Required work → The answer should consist of the full listing below, repeated exactly and free of pictures.

Source data →
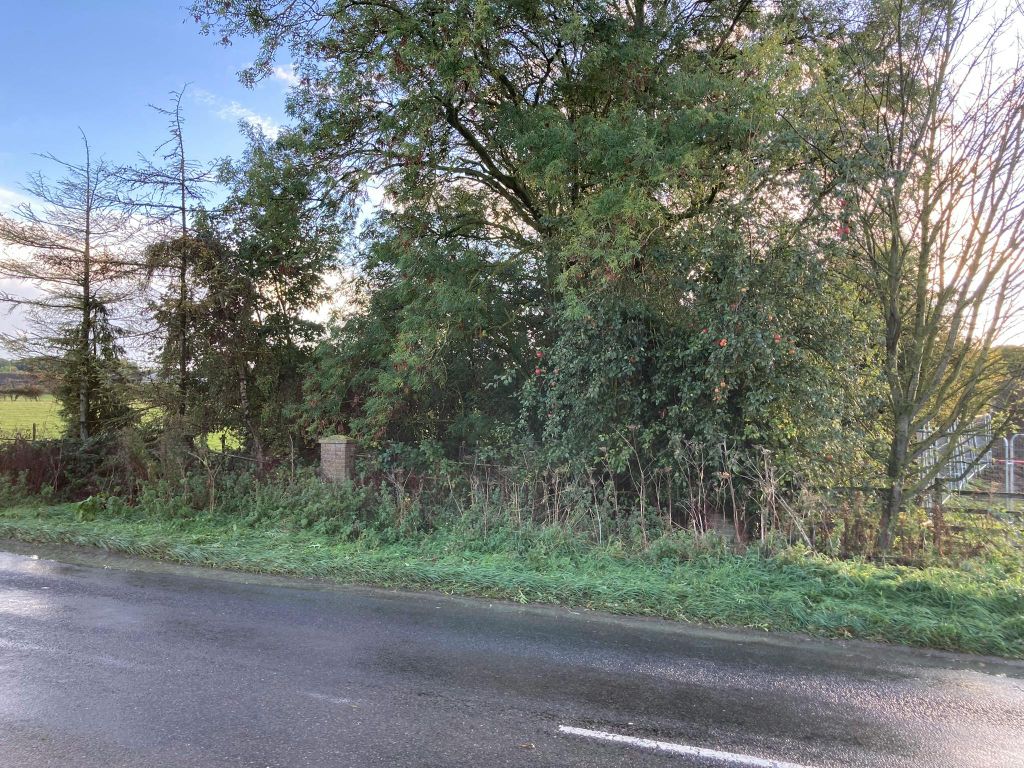 Property photo 3 of 6 Image 3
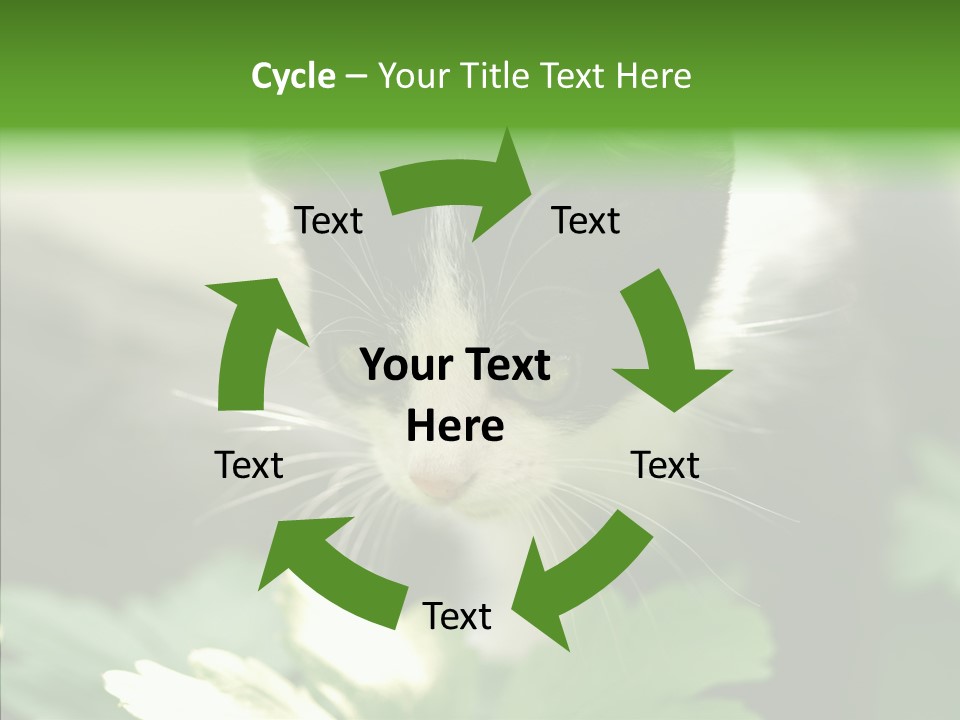 Humorou Li Ten Human PowerPoint Template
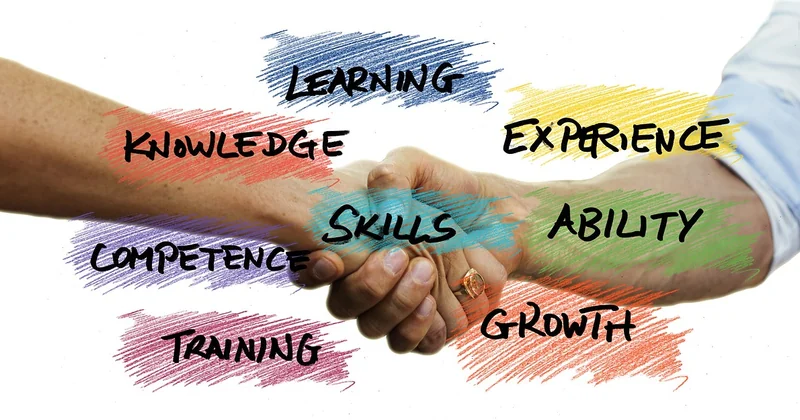 Quelles sont les 4 principales stratégies de développement ?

Final answer →
 Property photo 3 of 6 Image 3
 Humorou Li Ten Human PowerPoint Template
 Quelles sont les 4 principales stratégies de développement ?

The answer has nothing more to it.